• Work instruction
The reply must contain exactly the lines below from the one with "2pcs 925 Sterling Silver Cross Stud Earrings" down to the one with "KONIX Folding Piano", both included, and nothing more; please omit the pictures.

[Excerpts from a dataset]

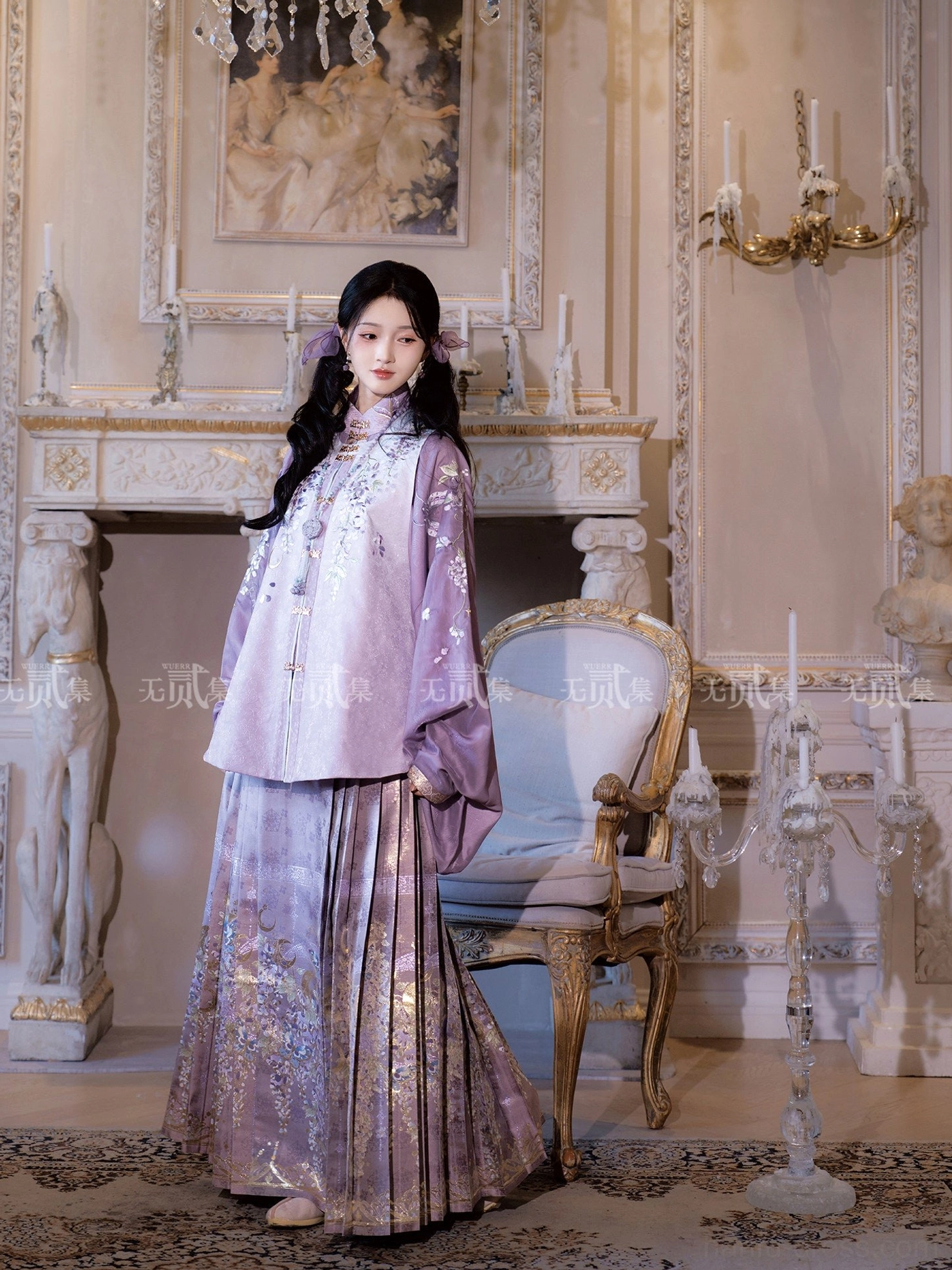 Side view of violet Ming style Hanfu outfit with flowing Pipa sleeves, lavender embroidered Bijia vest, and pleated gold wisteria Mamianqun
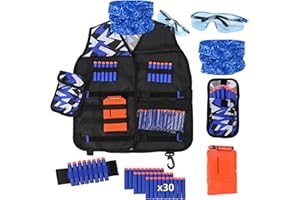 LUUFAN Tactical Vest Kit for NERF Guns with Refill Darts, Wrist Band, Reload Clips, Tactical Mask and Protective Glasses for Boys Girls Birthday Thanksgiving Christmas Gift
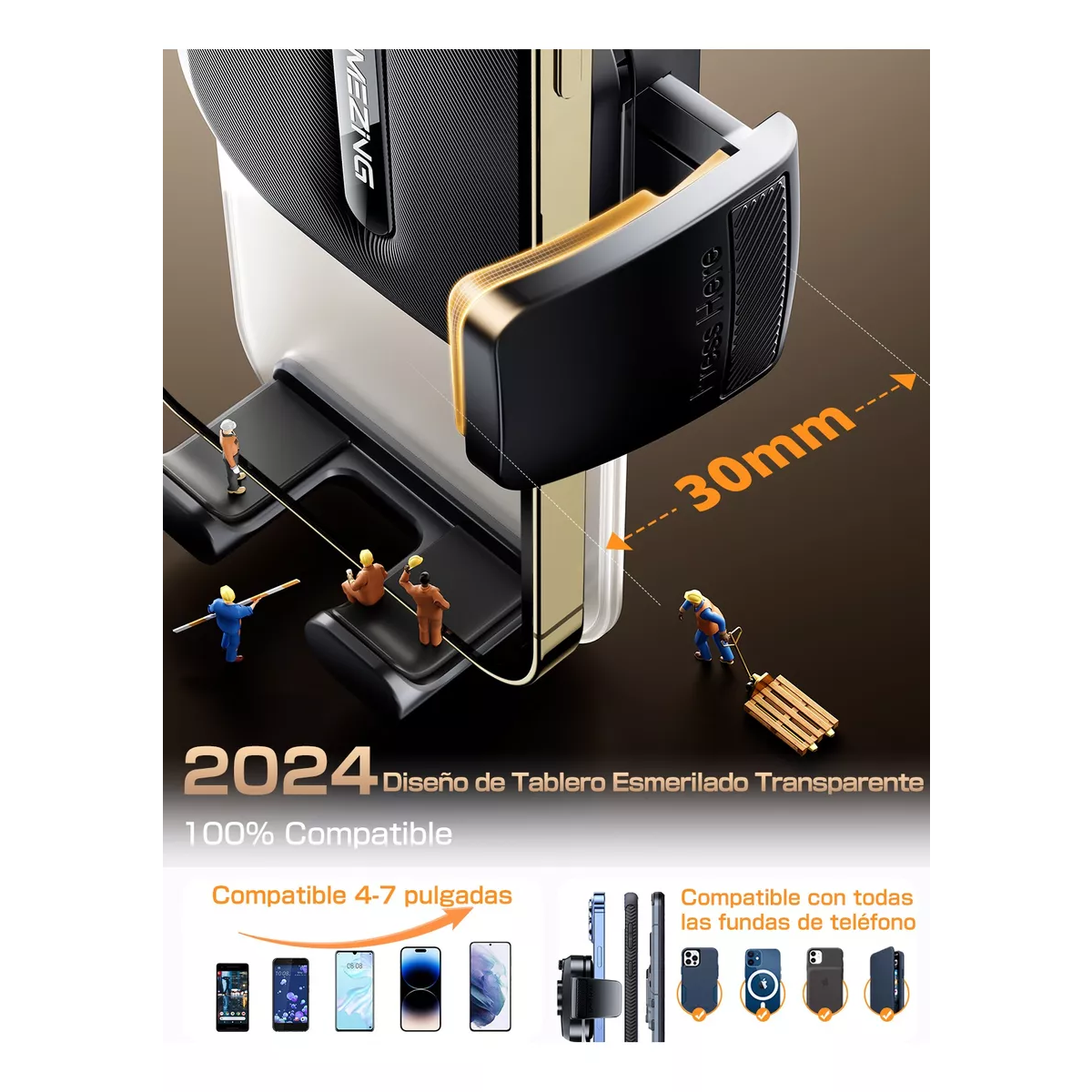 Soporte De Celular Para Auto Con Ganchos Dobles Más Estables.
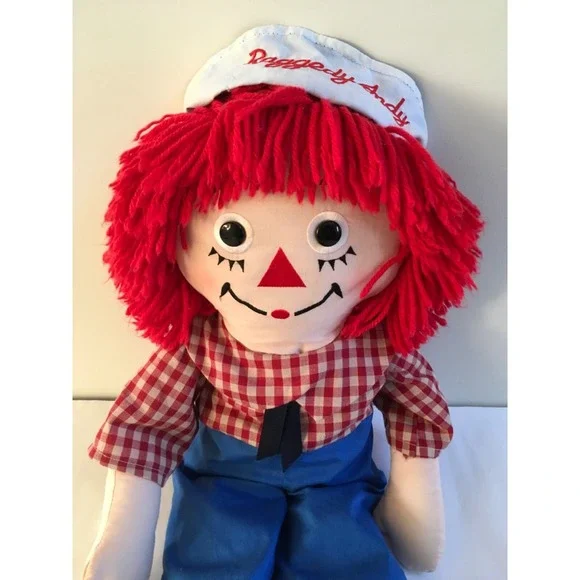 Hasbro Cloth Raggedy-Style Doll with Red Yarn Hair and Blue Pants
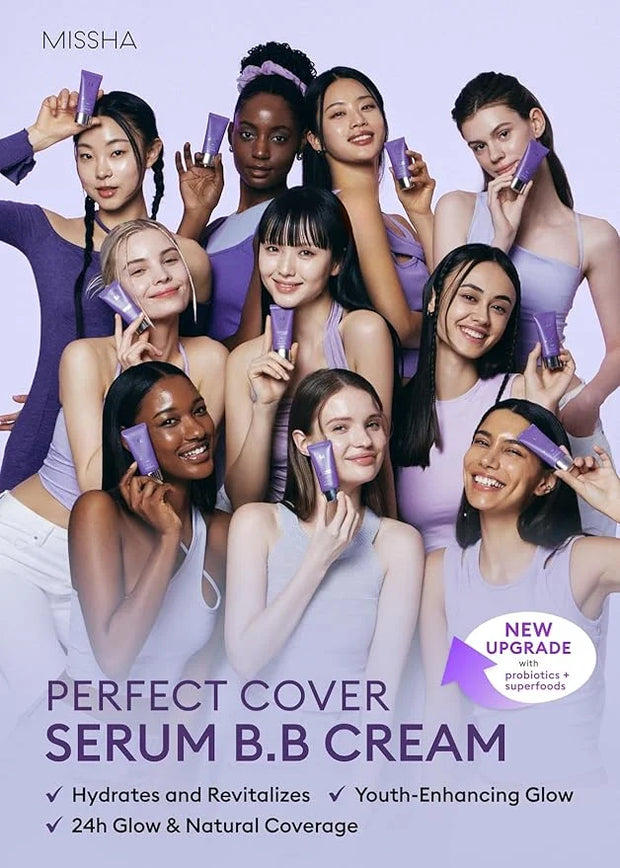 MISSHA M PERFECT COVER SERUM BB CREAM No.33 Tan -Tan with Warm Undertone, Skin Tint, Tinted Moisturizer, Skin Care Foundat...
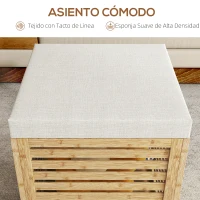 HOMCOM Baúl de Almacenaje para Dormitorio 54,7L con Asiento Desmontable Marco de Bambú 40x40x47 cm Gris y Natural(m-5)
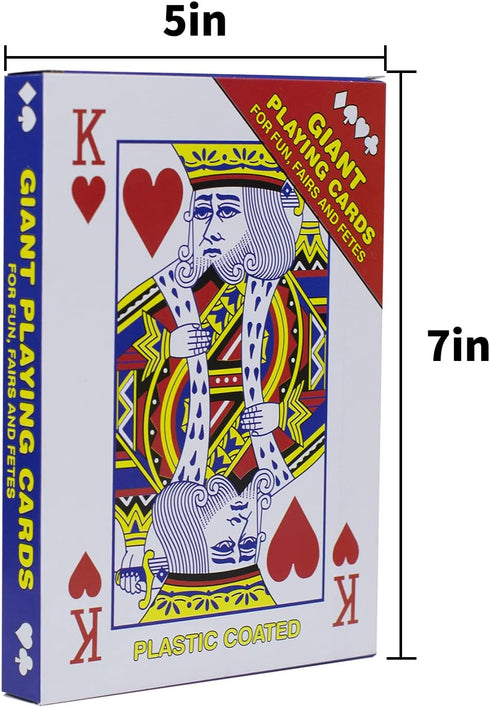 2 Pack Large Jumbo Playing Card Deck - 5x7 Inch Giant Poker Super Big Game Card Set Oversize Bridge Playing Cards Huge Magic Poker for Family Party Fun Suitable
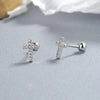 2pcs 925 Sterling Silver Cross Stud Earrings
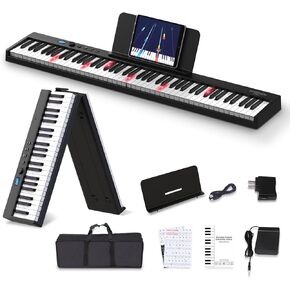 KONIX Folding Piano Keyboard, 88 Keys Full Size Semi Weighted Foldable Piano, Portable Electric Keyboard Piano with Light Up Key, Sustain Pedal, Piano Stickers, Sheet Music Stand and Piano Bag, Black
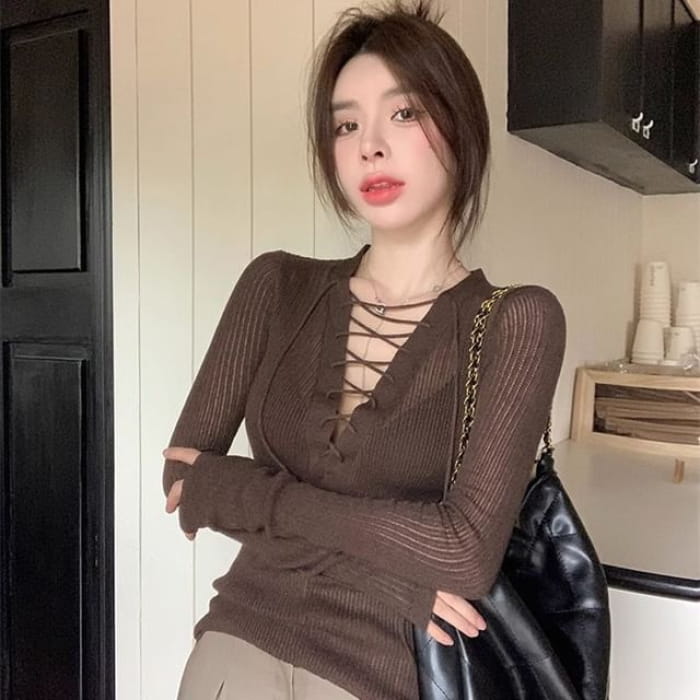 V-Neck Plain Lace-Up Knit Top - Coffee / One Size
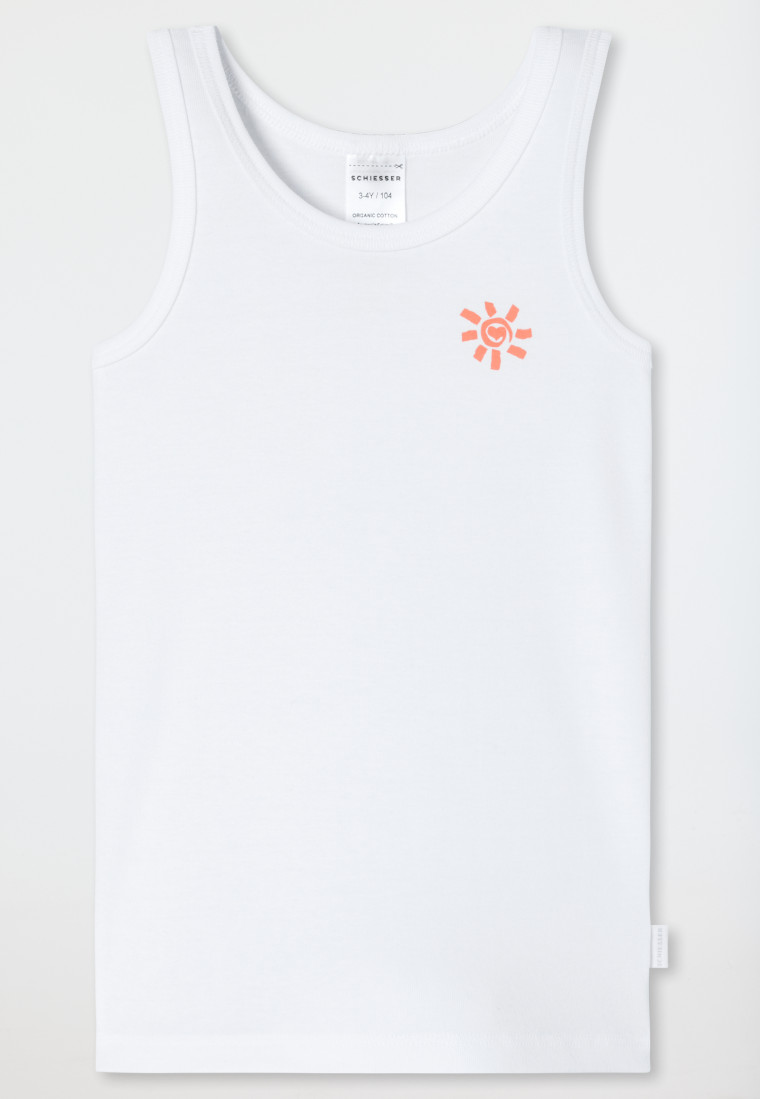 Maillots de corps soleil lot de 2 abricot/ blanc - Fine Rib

• Your solution
 2pcs 925 Sterling Silver Cross Stud Earrings
 KONIX Folding Piano Keyboard, 88 Keys Full Size Semi Weighted Foldable Piano, Portable Electric Keyboard Piano with Light Up Key, Sustain Pedal, Piano Stickers, Sheet Music Stand and Piano Bag, Black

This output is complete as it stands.